In Bright Blue Future a group of four young people come to terms with what it means to grow up.
In Bright Blue Future a group of four young people come to terms with what it means to grow up.

In Sean Oliver Harris’ play Bright Blue Future, the twenty-something experience is set against the economics of the late 2000s, as a group of young people come to terms with what it means to grow up.

“It’s the story of four young people who come back home after a heavy night of partying and deal with all the anxiety of the world they are living in,” says Harris.

It is the exploration of what the future holds that is the basis of Harris’ play, with the angst coming from a fear from a lack of opportunities as they get older.

“The anxiety running through these four characters is millennial anxiety,” says director Shawn MacDonald. “They feel that there is not a future for them, and they gravitate towards drug use and partying to help mask that anxiety.”

Told from the differing perspectives of its characters, Bright Blue Future is based on Harris’ personal experiences and from those around him.

“It is an amalgamation of memories, and the experiences and conversations that I had with people in my twenties,” he says. “There was this common thread during that time where everyone was talking about what they were going to do.

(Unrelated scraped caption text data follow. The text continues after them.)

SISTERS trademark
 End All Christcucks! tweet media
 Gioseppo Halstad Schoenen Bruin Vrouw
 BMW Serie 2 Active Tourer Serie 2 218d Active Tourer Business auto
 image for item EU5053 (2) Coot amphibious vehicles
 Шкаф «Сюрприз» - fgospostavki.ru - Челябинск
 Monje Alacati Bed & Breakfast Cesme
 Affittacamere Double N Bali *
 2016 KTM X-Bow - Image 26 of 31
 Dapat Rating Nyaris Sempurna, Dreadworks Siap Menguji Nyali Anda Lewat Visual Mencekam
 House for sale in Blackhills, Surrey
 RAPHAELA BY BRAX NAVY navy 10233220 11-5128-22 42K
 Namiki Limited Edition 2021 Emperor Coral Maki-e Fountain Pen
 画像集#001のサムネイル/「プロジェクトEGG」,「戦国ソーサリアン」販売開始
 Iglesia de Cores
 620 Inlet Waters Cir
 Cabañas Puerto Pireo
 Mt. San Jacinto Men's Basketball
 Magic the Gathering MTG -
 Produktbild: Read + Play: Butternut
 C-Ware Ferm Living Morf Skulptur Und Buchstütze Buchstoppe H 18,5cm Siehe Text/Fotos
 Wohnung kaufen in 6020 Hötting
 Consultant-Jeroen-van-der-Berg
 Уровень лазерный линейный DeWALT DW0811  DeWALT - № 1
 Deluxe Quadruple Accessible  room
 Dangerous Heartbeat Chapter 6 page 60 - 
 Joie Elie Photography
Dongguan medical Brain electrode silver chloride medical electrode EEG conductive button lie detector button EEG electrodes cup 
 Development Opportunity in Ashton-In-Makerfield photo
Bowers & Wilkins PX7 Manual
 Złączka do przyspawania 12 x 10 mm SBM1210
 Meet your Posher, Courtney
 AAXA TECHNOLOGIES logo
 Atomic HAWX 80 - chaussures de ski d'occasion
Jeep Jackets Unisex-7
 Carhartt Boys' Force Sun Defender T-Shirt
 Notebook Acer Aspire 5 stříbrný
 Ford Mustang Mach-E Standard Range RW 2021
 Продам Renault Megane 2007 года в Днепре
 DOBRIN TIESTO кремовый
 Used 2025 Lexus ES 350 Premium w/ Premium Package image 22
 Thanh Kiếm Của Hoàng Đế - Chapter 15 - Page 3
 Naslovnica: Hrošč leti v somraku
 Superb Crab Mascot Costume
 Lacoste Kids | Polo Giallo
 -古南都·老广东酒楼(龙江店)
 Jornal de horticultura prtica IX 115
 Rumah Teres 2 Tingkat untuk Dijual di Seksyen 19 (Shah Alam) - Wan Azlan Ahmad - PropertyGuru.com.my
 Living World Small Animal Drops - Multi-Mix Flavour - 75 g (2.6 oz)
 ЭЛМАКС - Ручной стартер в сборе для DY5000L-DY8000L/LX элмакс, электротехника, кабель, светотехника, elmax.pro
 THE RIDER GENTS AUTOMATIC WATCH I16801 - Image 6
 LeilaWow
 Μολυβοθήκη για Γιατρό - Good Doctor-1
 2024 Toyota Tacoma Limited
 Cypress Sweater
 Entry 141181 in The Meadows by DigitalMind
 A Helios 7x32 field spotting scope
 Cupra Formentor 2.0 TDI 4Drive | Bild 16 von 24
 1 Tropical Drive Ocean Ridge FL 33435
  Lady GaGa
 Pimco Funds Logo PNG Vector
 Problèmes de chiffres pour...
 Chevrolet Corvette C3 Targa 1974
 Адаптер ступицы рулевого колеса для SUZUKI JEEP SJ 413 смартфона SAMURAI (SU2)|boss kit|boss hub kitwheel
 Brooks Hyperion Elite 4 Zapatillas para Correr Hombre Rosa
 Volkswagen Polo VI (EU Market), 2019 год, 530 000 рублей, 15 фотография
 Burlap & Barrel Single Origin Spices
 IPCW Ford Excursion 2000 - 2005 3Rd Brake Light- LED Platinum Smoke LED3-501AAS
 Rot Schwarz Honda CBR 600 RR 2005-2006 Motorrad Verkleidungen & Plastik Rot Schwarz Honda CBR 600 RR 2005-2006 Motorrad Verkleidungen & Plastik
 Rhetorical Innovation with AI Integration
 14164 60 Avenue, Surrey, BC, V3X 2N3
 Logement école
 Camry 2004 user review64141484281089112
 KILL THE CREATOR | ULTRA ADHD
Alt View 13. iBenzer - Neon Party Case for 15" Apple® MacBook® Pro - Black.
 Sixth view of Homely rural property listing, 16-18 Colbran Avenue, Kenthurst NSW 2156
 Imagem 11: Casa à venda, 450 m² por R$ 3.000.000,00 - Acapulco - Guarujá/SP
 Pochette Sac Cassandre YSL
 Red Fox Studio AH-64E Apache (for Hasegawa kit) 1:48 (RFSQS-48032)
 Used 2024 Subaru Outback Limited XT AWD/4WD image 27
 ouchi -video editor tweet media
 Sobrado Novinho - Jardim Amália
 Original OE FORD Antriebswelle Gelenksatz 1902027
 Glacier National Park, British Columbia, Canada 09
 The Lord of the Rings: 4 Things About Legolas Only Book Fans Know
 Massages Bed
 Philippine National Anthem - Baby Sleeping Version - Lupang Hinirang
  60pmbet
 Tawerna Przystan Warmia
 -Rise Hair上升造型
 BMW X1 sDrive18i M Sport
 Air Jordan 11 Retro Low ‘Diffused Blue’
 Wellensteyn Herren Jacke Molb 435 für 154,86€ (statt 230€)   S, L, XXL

It is not fully autobiographical, but it is definitely drawn from life.”

While Bright Blue Future may be told from a viewpoint during the 2008 recession, both see history repeating itself.

When we workshopped the play at Playwrights Theatre Centre the two women who were the dramaturgs said it was like that for them during the 60s and 70s,” says MacDonald.

“With the recent drop in oil prices and the crash of the Canadian dollar the conversation is coming up again,” says Harris. “Young people are not getting any better at dealing with these issues.”

Both Harris and MacDonald also agree that the idea a young person today will live their parent’s dream, especially in an expensive city like Vancouver, is virtually unattainable.

Not fully autobiographical, playwright Sean Oliver Harris uses an amalgamation of memories, experiences and conversations as the basis for his play.
Not fully autobiographical, playwright Sean Oliver Harris uses an amalgamation of memories, experiences and conversations as the basis for his play.

“The young people that I work with in the theatre are all millennials and the idea of buying a house, getting married, having children is not really on their radar anymore,” says MacDonald. “The archetypal pattern of making a family at a young age is not there, and that is kind of sad. It makes them feel disenfranchised and it is feels like an impossible battle.”

For Harris part of the anxiety stems from not being able to live up to expectations.

“As I grew up my parents kept telling me this is the way you do it:  you go to university, get a degree and join the workforce.  But none of those opportunities were there for me.  I had all this debit and the expectations from my parents and the way the world is now is completely different,” he says.

Is there hope? According to MacDonald, for the four twenty-somethings in Bright Blue Future, it is a subtle one. For Harris though, real life may hold more optimism.

“Once you discover who you really are it makes things a lot better,” says Harris. “There is this idea of self-awareness after you pass through your twenties, and once you discover yourself it makes life so much better. When you discover who you are and what you want to be the anxiety subsides.”